Raising The Level Of Autonomous Driving Laser Pointer Radar

In the “3rd Intelligent Hardware Innovation and Entrepreneurship Interactive Forum Artificial Intelligence and 3D Vision” sponsored by Huaqiang Electronic Network, Shenzhen Sagitar Juchuang Technology Co., Ltd. partner Wang Yanxiang said: “For the development of autonomous driving, the industry generally considers the need for lidar , Millimeter-wave radar, camera and other multi-sensor fusion. Although the camera is not effective in strong light and other environments, it is widely used in automotive ADAS systems due to its high cost performance. The laser pointer radar is currently expensive, but it is necessary for automatic driving. Fewer sensors. ”

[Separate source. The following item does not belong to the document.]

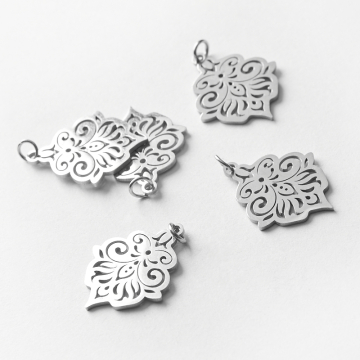 Zawieszka ze stali chirurgicznej wachlarz w kolorze srebrnym 20x16mm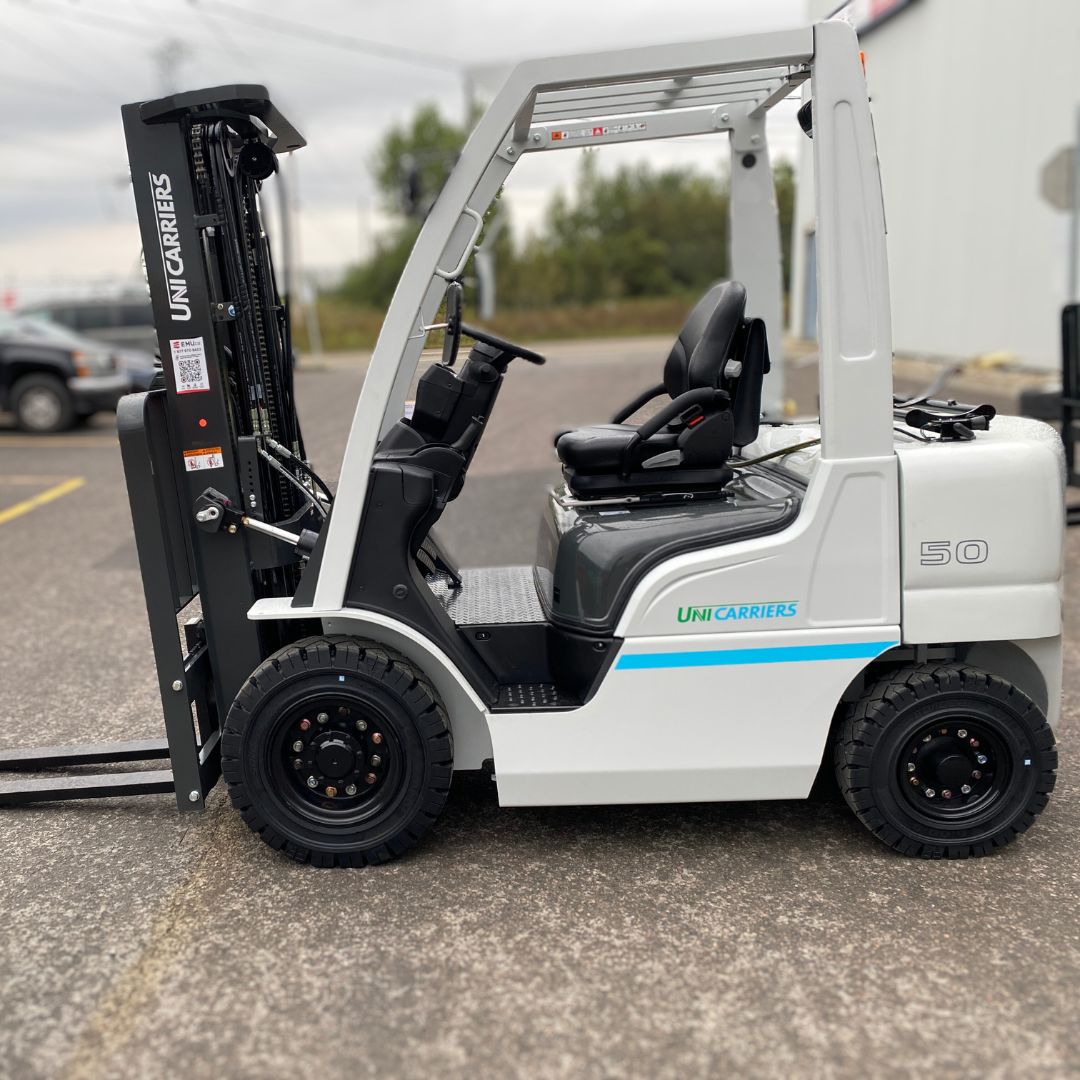 Chariot élévateur Unicarriers 5000lbs - PF50 (1)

He further stated that in autonomous driving, lidar can play functions such as generating high-precision maps, real-time positioning, obstacle classification, dynamic object tracking, and obstacle detection. Specifically, the advantages of laser radar based on vision SLAM map creation and positioning in autonomous driving are stability, small amount of data, and high accuracy in positioning and map creation. The only disadvantage is that the sensors are expensive. Obstacle detection based on lidar has the advantages of not relying on light, positioning first and then identifying, full-view of a single sensor, high spatial positioning accuracy, and small calculation, but also has the disadvantage of low recognition granularity. Therefore, autonomous driving is not only inseparable from the laser pointer radar, but also requires the fusion of multiple sensors and the application of deep learning to improve the level of autonomous driving. But the first issue that needs to be addressed is cost.